Once a young Airman attempting to settle down with her husband in their first home in military base-housing, Tinsley admitted they overextended themselves and went into debt buying furniture — “something people don’t realize a lot of military go through when they’re low ranking,” she said.
After finding out she was pregnant with her second child around the same time her husband would set out on a year-long deployment, Tinsley admitted that at the time, she was “going through some mental health stuff” and when the holiday season approached, putting up a Christmas tree and decorations was the last thing on her mind.
That’s until she found solace through the arts.
“I started going back to what I originally found as a hobby…thrifting for furniture and this thing called ‘curb-alert,'” she said. “I started picking up old furniture left on the curb in between [other military family] moves and re-purposing it for myself.”
Grown from and still funded by grassroots social media groups, Tinsley said Dec’ the Deployment and Homefront Room Revival are filling a resource gap some may not have realized existed — the feat has earned her Air Force-wide recognition as 2019’s Armed Forces Insurance Air Force Spouse of the Year.

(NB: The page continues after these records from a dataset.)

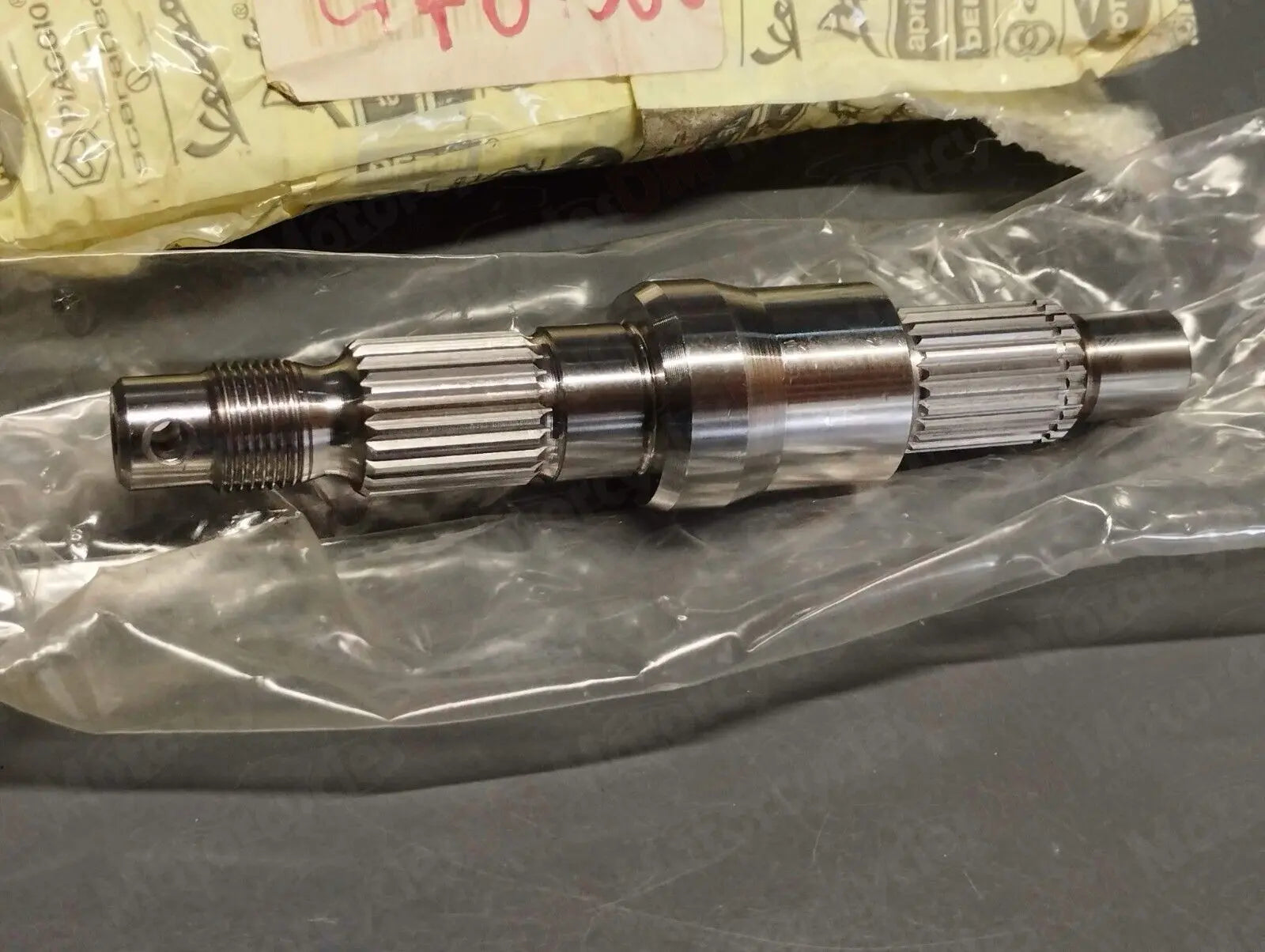 Piaggio genuine new vespa et4 sfera skipper hexagon 125 wheel shaft pn 4781566
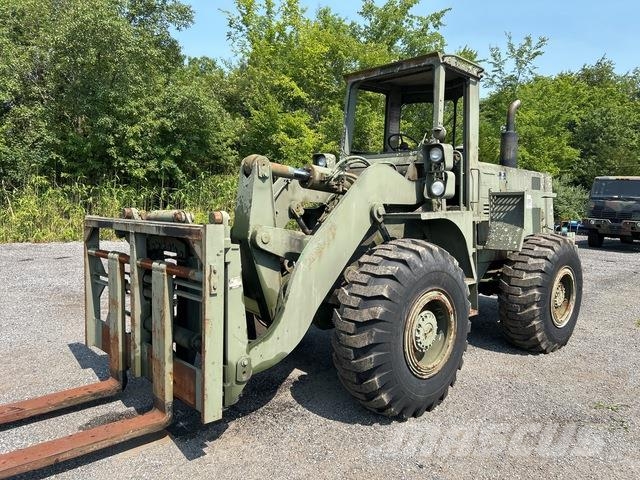 International Harvester M10A Terenski viličar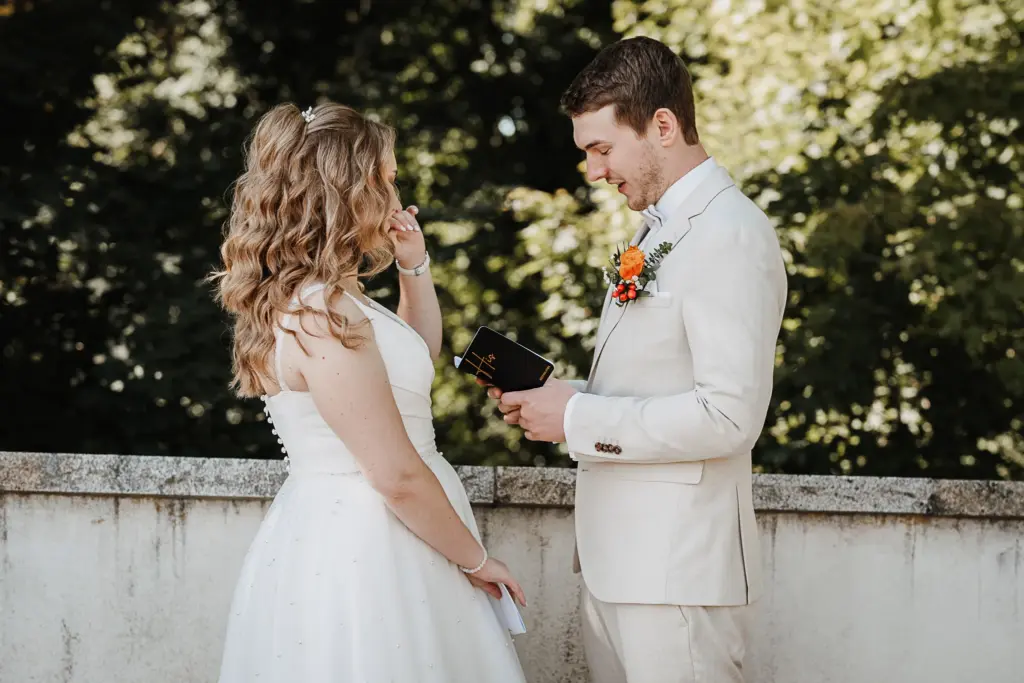 Hochzeitsfotos Straubing, Hochzeitsfotograf Straubing, Hochzeit Deggendorf, Hochzeitsfotograf Bayerischer Wald, Brautpaarfotos bei der Burg, Hochzeitslocation Gut Haggn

Tinsley referenced one referral that read: If you guys can’t do this for me, do you know of any other organizations that may be able to help me get my stuff out of the garage?
“There are none. That doesn’t exist,” she said. “So I think this is also changing the tone in the way that support services are viewed.”
Bringing together a team to decorate homes while inviting others in for DIY projects at the organization’s studio at Seymore Johnson, Tinsley said during the holidays, or times of tradition, the group also offers a sense of kinship when life’s circumstances can make someone feel isolated.
“It’s a vehicle to drive human connections and community together…it’s an innovative tool to drive in-person connections,” she said.
While Tinsley expects to close out holiday referrals and choose the families in Hampton who’ll benefit by Friday, she also said “it wouldn’t hurt” for people to send in their submissions up to the days before Christmas.